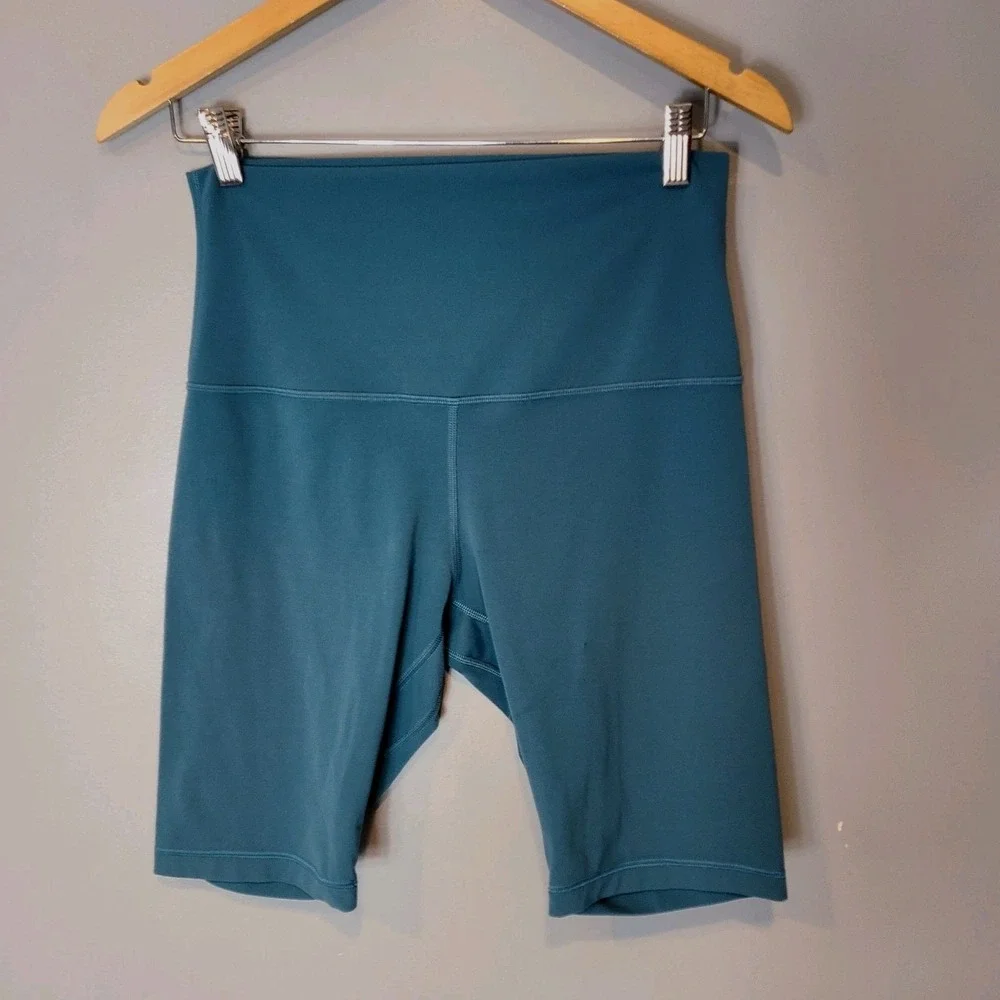 Lululemon Align High-Rise Short 10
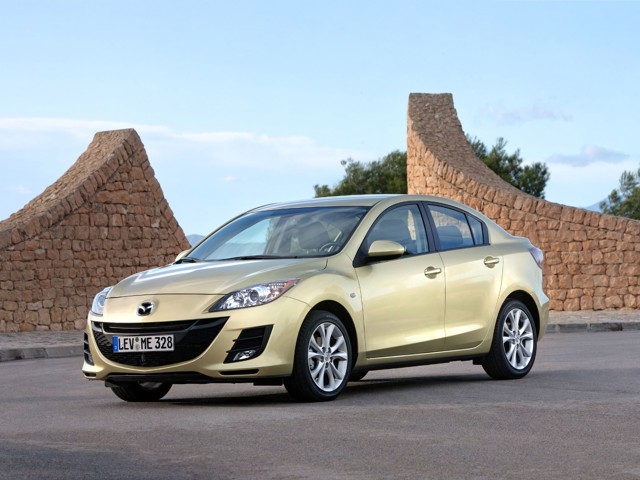 Mazda 3 / Axela Sedan photo 53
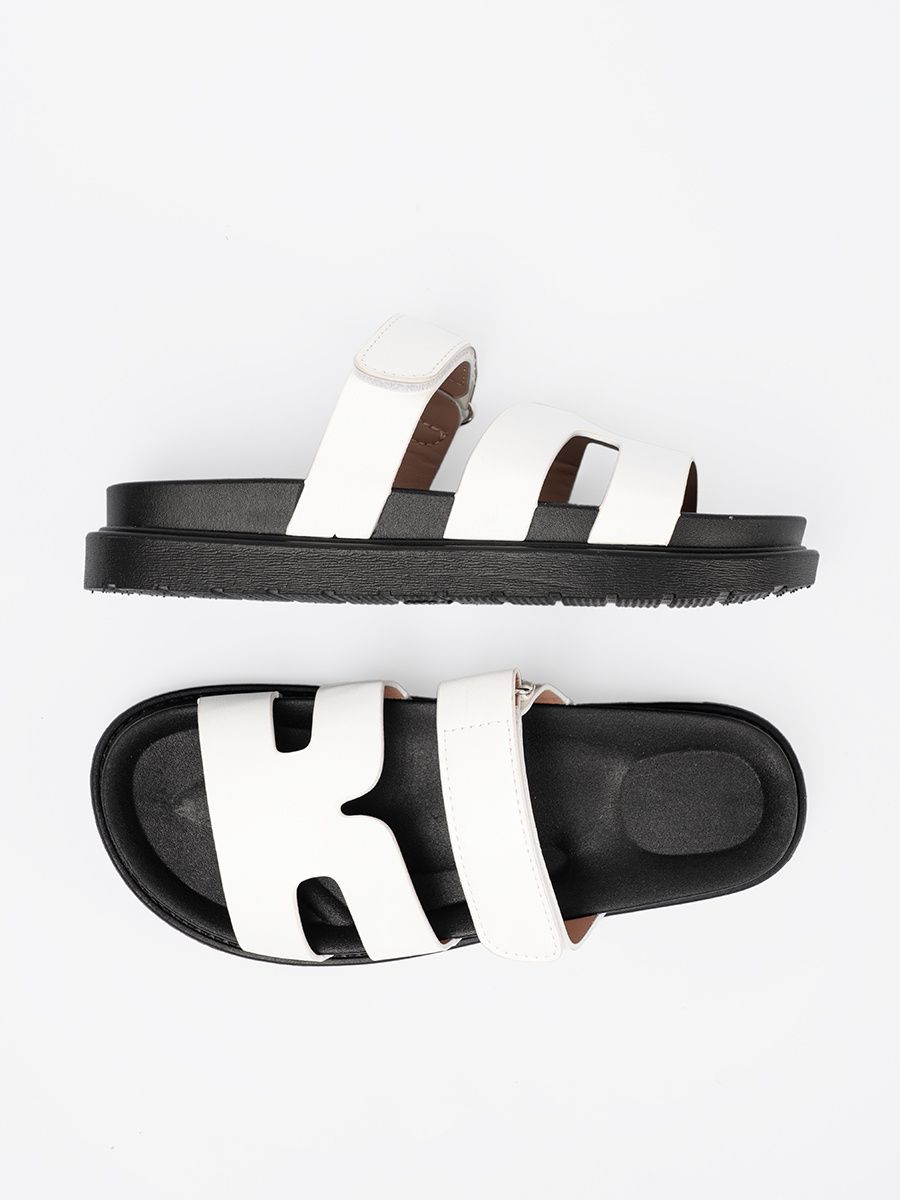 Pohodlné bílé pantofle na platformě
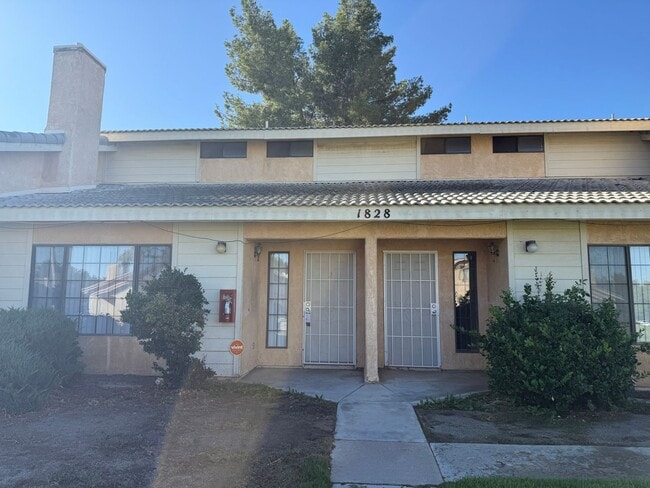 Lancaster 2 bedroom townhouse - AVAILABLE ... - Lancaster 2 bedroom townhouse - AVAILABLE ... Unidad 2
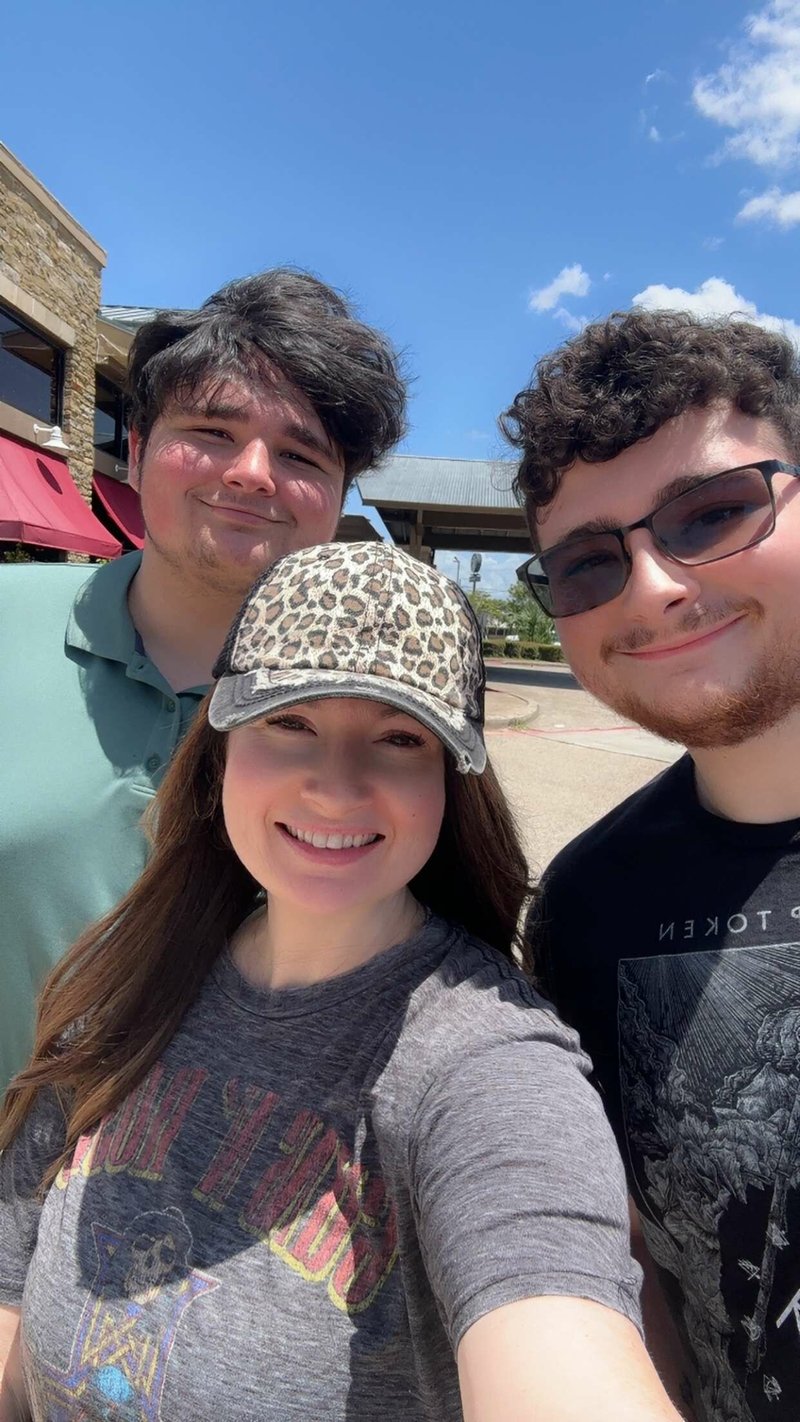 Michelle "Shell" Mathis - Photo 171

___

EXERCISE PROMPT: Could you transcribe every entry exactly, leaving out the pictures?

OUTPUT BELOW:
 Lululemon Align High-Rise Short 10
 Mazda 3 / Axela Sedan photo 53
 Pohodlné bílé pantofle na platformě
 Lancaster 2 bedroom townhouse - AVAILABLE ... - Lancaster 2 bedroom townhouse - AVAILABLE ... Unidad 2
 Michelle "Shell" Mathis - Photo 171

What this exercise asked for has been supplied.